# [Problem to solve]
Return, with both end lines included, exactly what the data below holds from the line with "Image of Front" through the line with "BBQ jalapeño burger 1/2lb", though not the pictures.

# [Dataset]
***

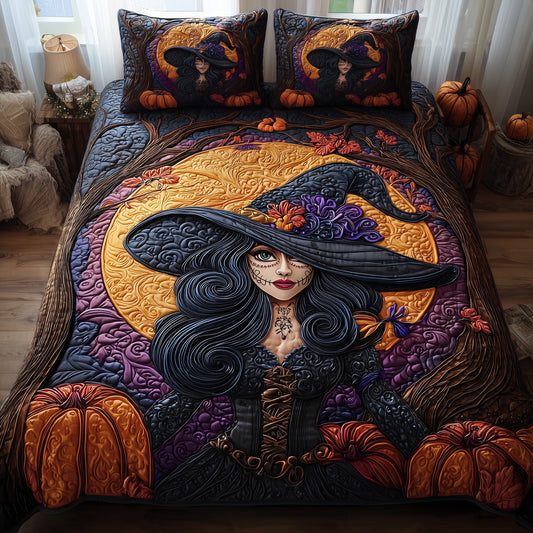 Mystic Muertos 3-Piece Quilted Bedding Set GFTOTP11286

***

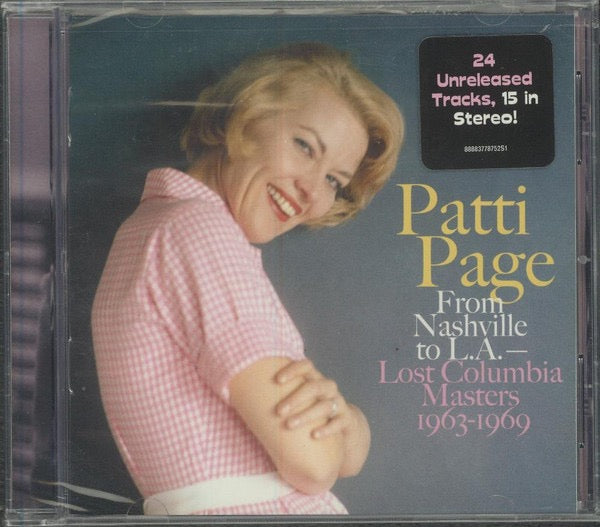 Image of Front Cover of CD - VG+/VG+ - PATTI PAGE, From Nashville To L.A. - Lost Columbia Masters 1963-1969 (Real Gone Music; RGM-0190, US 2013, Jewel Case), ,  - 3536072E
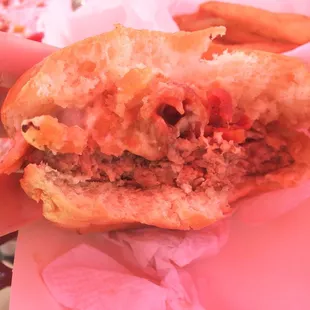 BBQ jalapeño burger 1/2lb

***

# [Reply]
 Image of Front Cover of CD - VG+/VG+ - PATTI PAGE, From Nashville To L.A. - Lost Columbia Masters 1963-1969 (Real Gone Music; RGM-0190, US 2013, Jewel Case), ,  - 3536072E
 BBQ jalapeño burger 1/2lb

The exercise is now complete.